6. Submitting multiple entries for a task

This will be allowed in two circumstances:

  • If very different approaches are used.
  • For the lyric intelligibility, you could submit a system tuned for objective evaluation and another tuned for the listening panel.

7. Intellectual property

The following terms apply to participation in this machine learning challenge (“Challenge”). Entrants may create original solutions, prototypes, datasets, scripts, or other content, materials, discoveries or inventions.
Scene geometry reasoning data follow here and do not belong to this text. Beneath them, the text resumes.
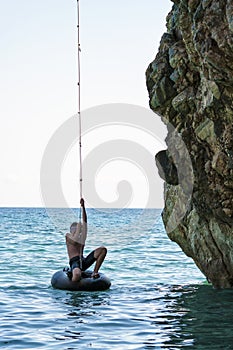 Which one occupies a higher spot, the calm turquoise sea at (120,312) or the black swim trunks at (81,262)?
the black swim trunks at (81,262)

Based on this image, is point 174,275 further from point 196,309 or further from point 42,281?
point 196,309

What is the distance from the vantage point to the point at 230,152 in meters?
15.0

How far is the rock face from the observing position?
43.9 feet

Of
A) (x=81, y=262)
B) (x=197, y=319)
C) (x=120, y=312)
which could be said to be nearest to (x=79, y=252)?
(x=81, y=262)

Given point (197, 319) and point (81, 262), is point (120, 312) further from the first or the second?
point (81, 262)

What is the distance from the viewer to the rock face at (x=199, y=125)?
1338cm

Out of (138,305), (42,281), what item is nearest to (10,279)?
(42,281)

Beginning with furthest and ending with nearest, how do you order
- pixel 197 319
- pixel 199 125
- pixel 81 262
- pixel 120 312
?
pixel 81 262
pixel 199 125
pixel 120 312
pixel 197 319

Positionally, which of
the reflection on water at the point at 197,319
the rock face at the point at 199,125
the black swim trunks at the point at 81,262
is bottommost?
the reflection on water at the point at 197,319

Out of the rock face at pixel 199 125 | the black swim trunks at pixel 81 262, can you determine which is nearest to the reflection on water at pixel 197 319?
the rock face at pixel 199 125

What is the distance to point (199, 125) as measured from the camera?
51.8ft

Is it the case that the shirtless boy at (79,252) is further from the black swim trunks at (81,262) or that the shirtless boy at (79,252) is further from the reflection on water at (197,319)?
the reflection on water at (197,319)

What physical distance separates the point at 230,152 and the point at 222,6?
3458 mm

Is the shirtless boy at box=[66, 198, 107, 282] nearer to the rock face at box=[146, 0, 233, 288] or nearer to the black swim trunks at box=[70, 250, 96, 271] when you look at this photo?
the black swim trunks at box=[70, 250, 96, 271]
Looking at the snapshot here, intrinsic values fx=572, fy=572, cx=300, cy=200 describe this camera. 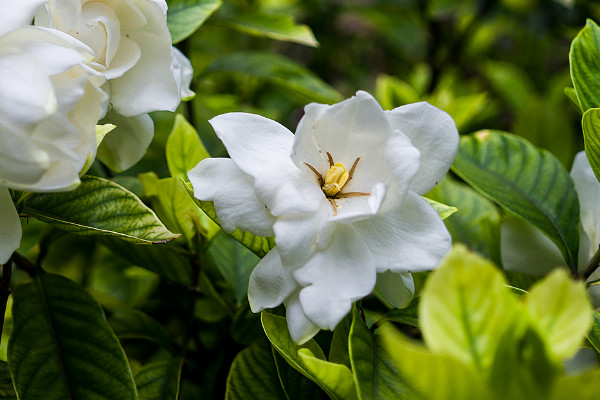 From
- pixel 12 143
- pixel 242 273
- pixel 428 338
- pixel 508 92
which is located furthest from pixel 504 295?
pixel 508 92

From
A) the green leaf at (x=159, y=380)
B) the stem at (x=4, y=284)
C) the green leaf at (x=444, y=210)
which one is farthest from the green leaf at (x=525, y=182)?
the stem at (x=4, y=284)

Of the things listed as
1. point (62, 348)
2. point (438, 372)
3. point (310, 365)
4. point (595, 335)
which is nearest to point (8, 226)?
point (62, 348)

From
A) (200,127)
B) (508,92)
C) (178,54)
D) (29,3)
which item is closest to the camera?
(29,3)

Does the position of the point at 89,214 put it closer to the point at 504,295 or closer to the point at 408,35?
the point at 504,295

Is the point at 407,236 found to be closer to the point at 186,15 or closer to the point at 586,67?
the point at 586,67

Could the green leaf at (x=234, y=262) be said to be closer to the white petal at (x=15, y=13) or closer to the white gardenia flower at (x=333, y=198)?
the white gardenia flower at (x=333, y=198)

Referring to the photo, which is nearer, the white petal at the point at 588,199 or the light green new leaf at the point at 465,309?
the light green new leaf at the point at 465,309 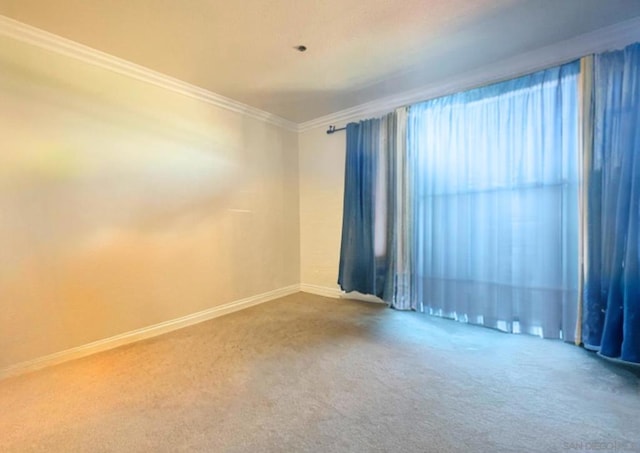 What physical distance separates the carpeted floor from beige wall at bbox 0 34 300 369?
1.22ft

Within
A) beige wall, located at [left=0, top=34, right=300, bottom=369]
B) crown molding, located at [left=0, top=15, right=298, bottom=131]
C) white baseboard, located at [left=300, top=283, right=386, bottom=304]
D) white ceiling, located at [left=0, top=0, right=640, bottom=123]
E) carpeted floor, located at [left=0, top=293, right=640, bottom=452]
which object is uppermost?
white ceiling, located at [left=0, top=0, right=640, bottom=123]

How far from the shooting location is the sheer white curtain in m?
2.25

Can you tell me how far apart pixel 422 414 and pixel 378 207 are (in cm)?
216

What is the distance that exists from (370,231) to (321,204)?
865mm

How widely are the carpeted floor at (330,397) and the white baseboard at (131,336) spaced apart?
0.09m

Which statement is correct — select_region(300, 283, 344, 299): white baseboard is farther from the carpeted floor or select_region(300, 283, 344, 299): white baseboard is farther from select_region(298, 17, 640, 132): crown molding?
select_region(298, 17, 640, 132): crown molding

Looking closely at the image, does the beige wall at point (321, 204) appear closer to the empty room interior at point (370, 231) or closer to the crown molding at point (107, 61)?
the empty room interior at point (370, 231)

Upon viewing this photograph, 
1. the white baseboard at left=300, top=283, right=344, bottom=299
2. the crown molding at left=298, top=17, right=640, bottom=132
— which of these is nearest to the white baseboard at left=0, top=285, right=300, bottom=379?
the white baseboard at left=300, top=283, right=344, bottom=299

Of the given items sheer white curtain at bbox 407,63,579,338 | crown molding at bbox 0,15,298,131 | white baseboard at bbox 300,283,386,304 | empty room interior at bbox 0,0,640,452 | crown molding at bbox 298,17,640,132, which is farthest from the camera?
white baseboard at bbox 300,283,386,304

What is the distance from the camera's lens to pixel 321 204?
12.8ft

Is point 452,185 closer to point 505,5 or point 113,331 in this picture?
point 505,5

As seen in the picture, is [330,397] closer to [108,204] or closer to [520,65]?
[108,204]

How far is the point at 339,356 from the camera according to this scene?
7.01 feet

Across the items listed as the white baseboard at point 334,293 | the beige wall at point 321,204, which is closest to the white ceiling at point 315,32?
the beige wall at point 321,204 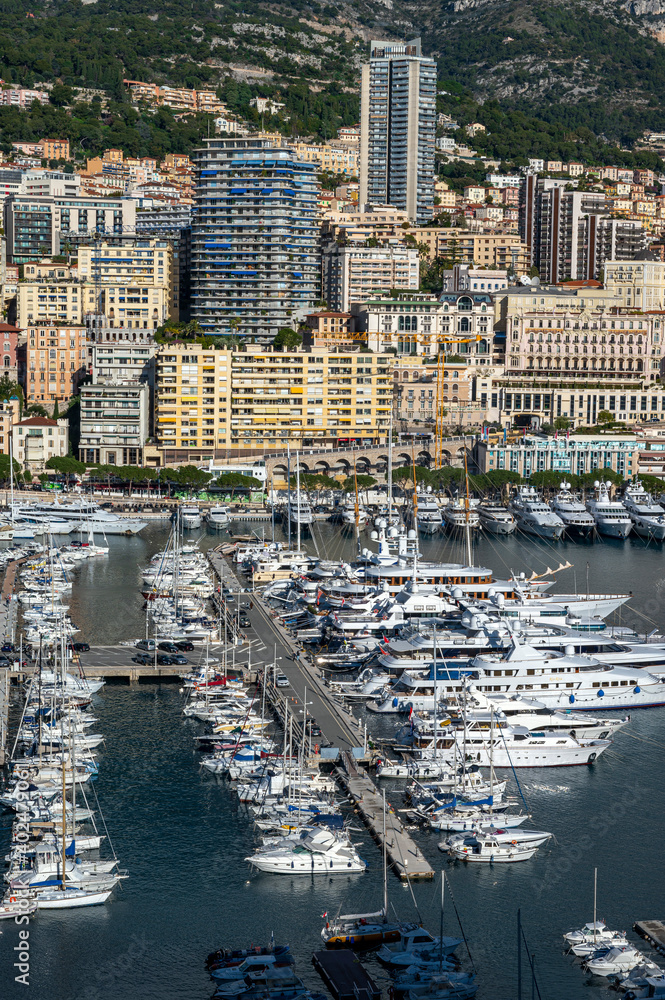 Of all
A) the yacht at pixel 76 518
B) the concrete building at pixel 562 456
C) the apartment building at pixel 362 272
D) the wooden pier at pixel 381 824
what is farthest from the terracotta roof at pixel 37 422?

Entrants retain ownership of all intellectual and industrial property rights (including moral rights) in and to these.

The submission constitutes the audio files submitted to the challenge and the accompanying technical report.

The Challenge Organiser is the Cadenza Project team.

As a condition of submission, Entrant grants the Challenge Organiser, its subsidiaries, agents and partner companies, a perpetual, irrevocable, worldwide, royalty-free, and non-exclusive licence to use, reproduce, adapt, modify, publish, distribute, publicly perform, create a derivative work from, and publicly display the submission.

Entrants provide Submissions on an “AS IS” BASIS, WITHOUT WARRANTIES OR CONDITIONS OF ANY KIND, either express or implied, including, without limitation, any warranties or conditions of TITLE, NON-INFRINGEMENT, MERCHANTABILITY, or FITNESS FOR A PARTICULAR PURPOSE.

References

[1] Park, D.S., Zhang, Y., Chiu, C.C., Chen, Y., Li, B., Chan, W., Le, Q.V. and Wu, Y., 2020, May. Specaugment on large scale datasets. In ICASSP 2020-2020 IEEE International Conference on Acoustics, Speech and Signal Processing (ICASSP) (pp. 6879-6883). IEEE.